Внешнеполитических резервов у нас оставалось все меньше. Все большее давление оказывалось на Москву в вопросе сохранения единства Союза. Оно шло не только изнутри, но и извне, прежде всего со стороны США. Активничали скандинавы, особенно исландцы и датчане. Обострялся прибалтийский вопрос. Союзные республики все более решительно начинали выходить на самостоятельные отношения с иностранными государствами, заключали свои договоры, посылали своих представителей, действовали в обход МИД СССР и центральных ведомств, ставили вопрос об открытии собственных дипломатических и консульских представительств либо о назначении своих специальных представителей в посольства СССР. Перспектива существования единой союзной дипломатической службы в этих условиях становилась все более неопределенной.
Попытки управлять начинающимся процессом представлялись не особенно перспективными, хотя нельзя сказать, что они не предпринимались. Идея совета министров иностранных дел республик под председательством союзного министра была выдвинута еще Э. А. Шеварднадзе. Но конечный итог развития всего этого процесса во всяком случае мне представлялся достаточно однозначным.
Я продолжал свой отпуск в «Загорских далях». Быть в тех условиях вдалеке от столицы казалось более разумным, чем крутиться в водовороте аппаратных страстей и присутствовать на московской ярмарке тщеславия.

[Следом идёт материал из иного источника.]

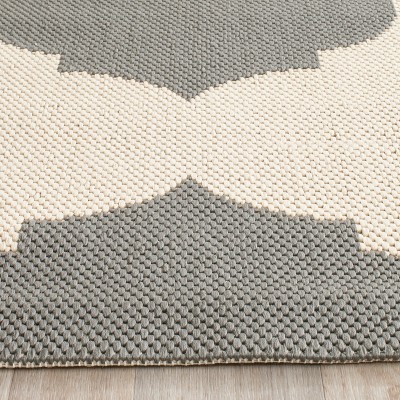 Beige and Anthracite Geometric 2'7" x 5' Indoor/Outdoor Rug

Выезжал в Москву я только на заседание комитета по международным делам 9 января по поводу подготовки германских договоров к ратификации. Прошло это заседание намного спокойнее, чем предшествовавшая такая встреча 13 декабря, но дискуссия продолжалась более 4 часов.
Комитет рекомендовал ратифицировать пакет договоренностей с Германией, с оговоркой, что предварительно вопрос должен быть еще раз рассмотрен комитетом по обороне и безопасности. По конституции мнение этого комитета не влияло, на решение о вынесении договоров на ратификацию, но результаты дискуссии на этом комитете никак не следовало недооценивать с точки зрения формирования мнения депутатов Верховного Совета СССР. А в этом комитете, как мы знали, было предостаточно критиков и германских договоров, и всей политики М. С. Горбачева.
Да и рассмотрение вопроса на комитете по международным делам ясно говорило — основная проба сил еще впереди. Обнадеживало, правда, что руководство Министерства обороны определило, кажется, свою позицию. Во всяком случае М. А. Моисеев твердо заверил меня в конце заседания, что они приняли принципиальное решение в пользу ратификации. Оставалось ждать, насколько это скажется на позиции группы «Союз», всех тех представителей, которые уже несколько месяцев зарабатывали себе очки перед телекамерами и в газетах, доказывая, что в германских делах у нас имелась или все еще имеется какая-то альтернативная возможность действий.